For clinical and research purposes, formal diagnostic criteria for alcoholism also have been developed. Such criteria are included in the Diagnostic and Statistical Manual of Mental Disorders, Fourth Edition, published by the American Psychiatric Association, as well as in the International Classification Diseases, published by the World Health Organization.

2. Is alcoholism a disease?

Yes, alcoholism is a disease. The craving that an alcoholic feels for alcohol can be as strong as the need for food or water. An alcoholic will continue to drink despite serious family, health, or legal problems.

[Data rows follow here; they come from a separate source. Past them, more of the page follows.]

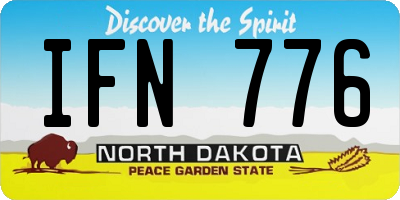 ND license plate IFN776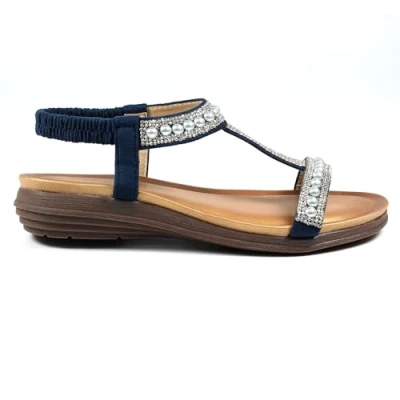 Image of Lunar Womens Tancy Pearl Sandal 8 UK Blue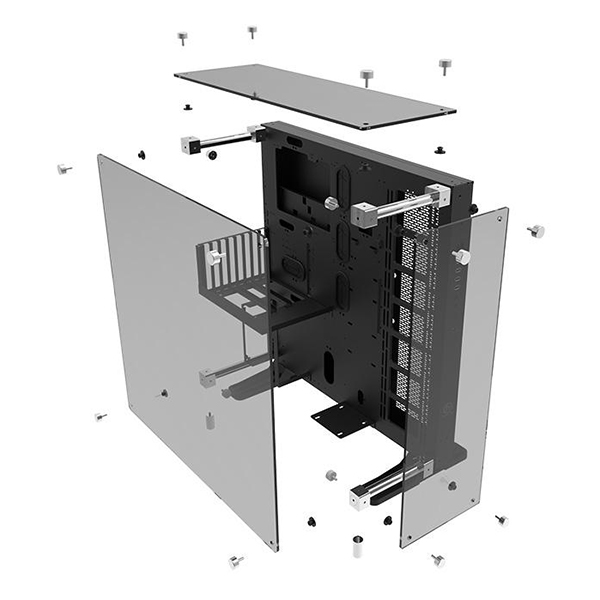 Vỏ Case Máy Tính Thermaltake Core P5 Tempered Glass Black CA-1E7-00M1WN-03 ATX - Hàng Chính Hãng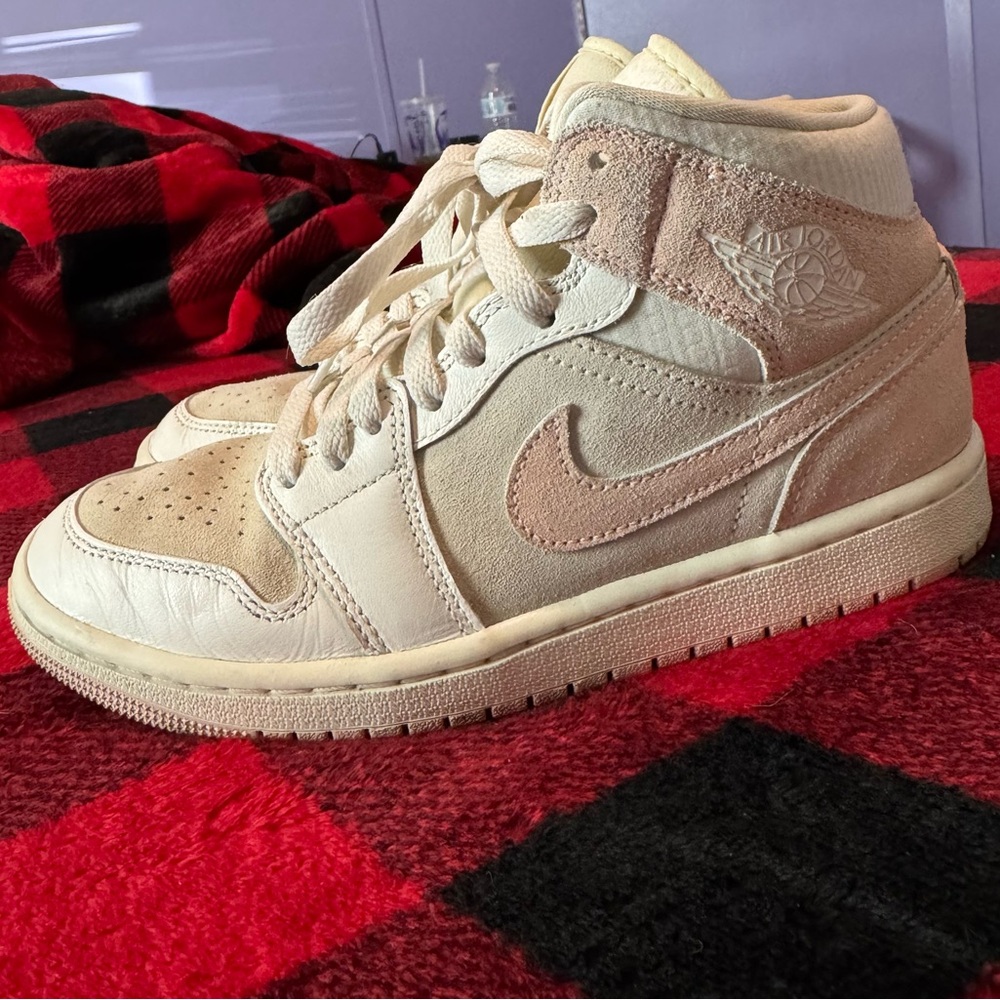 Nike Cream and Tan High-Top Sneakers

Like many other diseases, alcoholism is chronic, meaning that it lasts a person’s lifetime; it usually follows a predictable course; and it has symptoms. The risk for developing alcoholism is influenced both by a person’s genes and by his or her lifestyle.

3. Is alcoholism inherited?

Research shows that the risk for developing alcoholism does indeed run in families. The genes a person inherits partially explain this pattern, but lifestyle is also a factor. Currently, researchers are working to discover the actual genes that put people at risk for alcoholism. Your friends, the amount of stress in your life, and how readily available alcohol is also are factors that may increase your risk for alcoholism.

But remember: Risk is not destiny. Just because alcoholism tends to run in families doesn’t mean that a child of an alcoholic parent will automatically become an alcoholic too. Some people develop alcoholism even though no one in their family has a drinking problem. By the same token, not all children of alcoholic families get into trouble with alcohol. Knowing you are at risk is important, though, because then you can take steps to protect yourself from developing problems with alcohol.

4. Can alcoholism be cured?

No, alcoholism cannot be cured at this time. Even if an alcoholic hasn’t been drinking for a long time, he or she can still suffer a relapse. Not drinking is the safest course for most people with alcoholism. 

5. Can alcoholism be treated?

Yes, alcoholism can be treated. Alcoholism treatment programs use both counseling and medications to help a person stop drinking. Treatment has helped many people stop drinking and rebuild their lives.

6. Which medications treat alcoholism?  

Three oral medications–disulfiram (Antabuse®), naltrexone (Depade®, ReVia®), and acamprosate (Campral®)–are currently approved to treat alcohol dependence. In addition, an injectable, long-acting form of naltrexone (Vivitrol®) is available. These medications have been shown to help people with dependence reduce their drinking, avoid relapse to heavy drinking, and achieve and maintain abstinence. Naltrexone acts in the brain to reduce craving for alcohol after someone has stopped drinking. Acamprosate is thought to work by reducing symptoms that follow lengthy abstinence, such as anxiety and insomnia. Disulfiram discourages drinking by making the person taking it feel sick after drinking alcohol.

Other types of drugs are available to help manage symptoms of withdrawal (such as shakiness, nausea, and sweating) if they occur after someone with alcohol dependence stops drinking.

Although medications are available to help treat alcoholism, there is no “magic bullet.” In other words, no single medication is available that works in every case and/or in every person. Developing new and more effective medications to treat alcoholism remains a high priority for researchers.

7. Does alcoholism treatment work?

Alcoholism treatment works for many people. But like other chronic illnesses, such as diabetes, high blood pressure, and asthma, there are varying levels of success when it comes to treatment. Some people stop drinking and remain sober. Others have long periods of sobriety with bouts of relapse. And still others cannot stop drinking for any length of time. With treatment, one thing is clear, however: the longer a person abstains from alcohol, the more likely he or she will be able to stay sober.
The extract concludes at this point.